この問題は容易と思えるかもしれない。つまり、認識を引き起こすのは、カントが言うとおり目の前の「対象」である、と考えられるからである。

しかしカントは、「対象」として我々が経験しているものは「現象」であると述べている。[3] すなわち「対象」は、そう認識されている時点で、すでに「現象」なのであって、この「現象」こそ、いま成立原因を問われている当のものなのである。

したがって「現象」である「対象」が「認識を喚びさます」と述べるカント自身の言明が、この問題を最初から循環に陥れているといえる。

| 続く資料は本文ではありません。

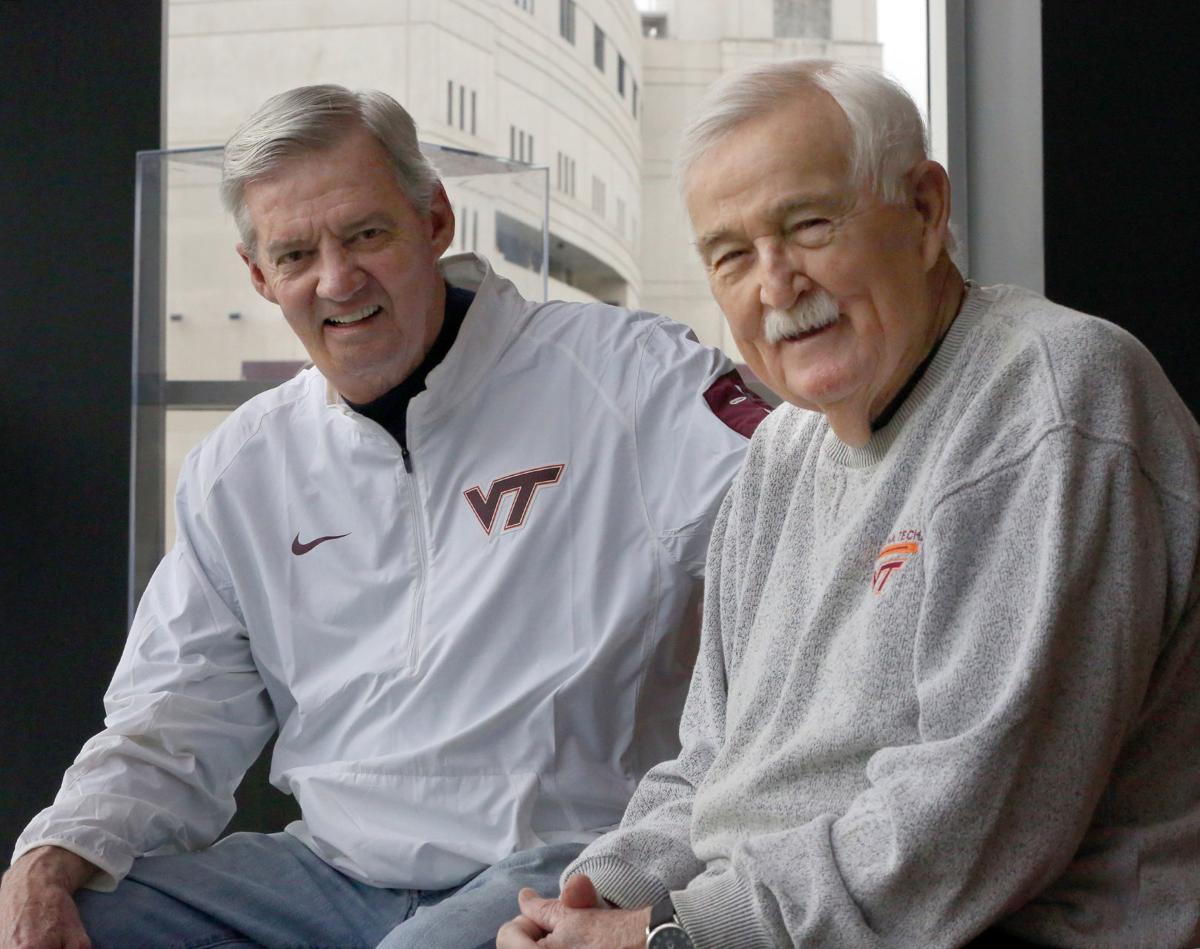 frank beamer record by year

次に考えられるのは「物自体」である。カントは「現象の根底に存すると思われるところの物自体」(B66)、「物自体の現われであるところの現象」[4] などと、物自体を認識の触発体と解釈しうる言明を行っている。

しかし物自体を現象の原因とみることは、超越である物自体が、内在である我々の主観機能に作用するとすることであり、「関係性」を含む悟性カテゴリーの制約を免れているはずの物自体概念の矛盾であることが古くから指摘されていた。[5]

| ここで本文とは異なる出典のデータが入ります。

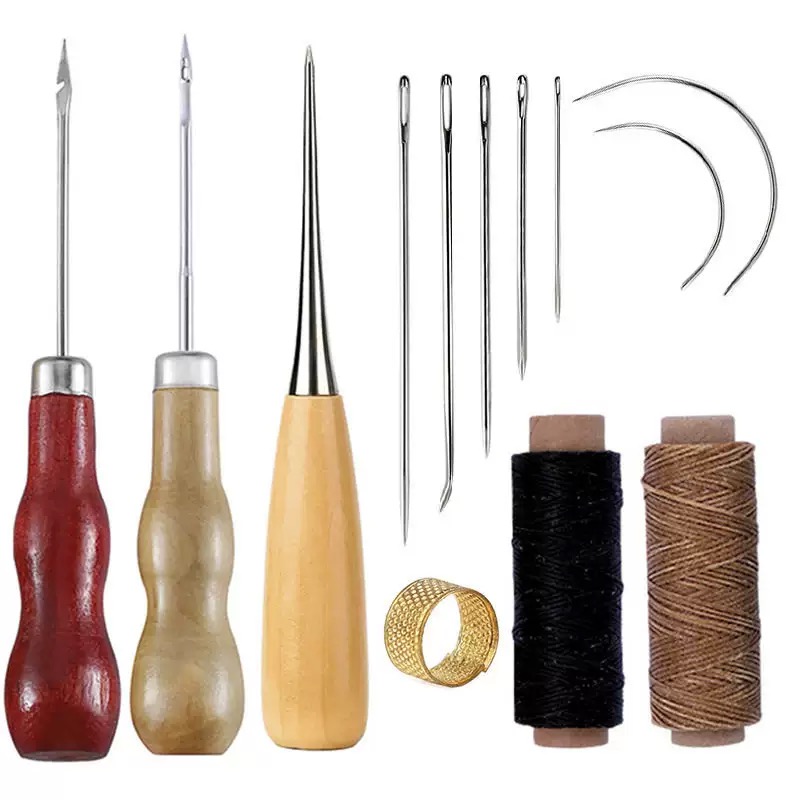 Textile Sewing Kit - 13 pezzi set da cucito in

これに関連して、「物自体なくしてはカント哲学に入りえず、しかし物自体を前提してはカント哲学にとどまることができない」との同時代人F.H.ヤコービの文言もよく知られている。

また岩崎は「物自体が)我々の外にあるということはすでに空間規定を含んでいると言わねばならない。それ故我々の外にある物自体が感性を触発するという考えは自己矛盾を含んでいる」[6] と、「超越論的感性論」の直観規定による矛盾を指摘する。

こういった循環や矛盾を避けるために「二重触発」という考えが提出されることになった。これは触発の場面を、はじめから超越と内在に分けることで、超越から内在への関与という困難をとりあえず回避するものである。

そこでは触発する側も、触発される側も二重化され、「超越的触発においては物自体が自我自体を触発し、経験的触発では現象としての対象が経験的自我を触発する」とされる。[7]

この複雑化した二重触発論に対して、前掲書訳者である赤松常弘は「もはやカント哲学を逸脱していると断定せざるをえないが」と述べる。[8]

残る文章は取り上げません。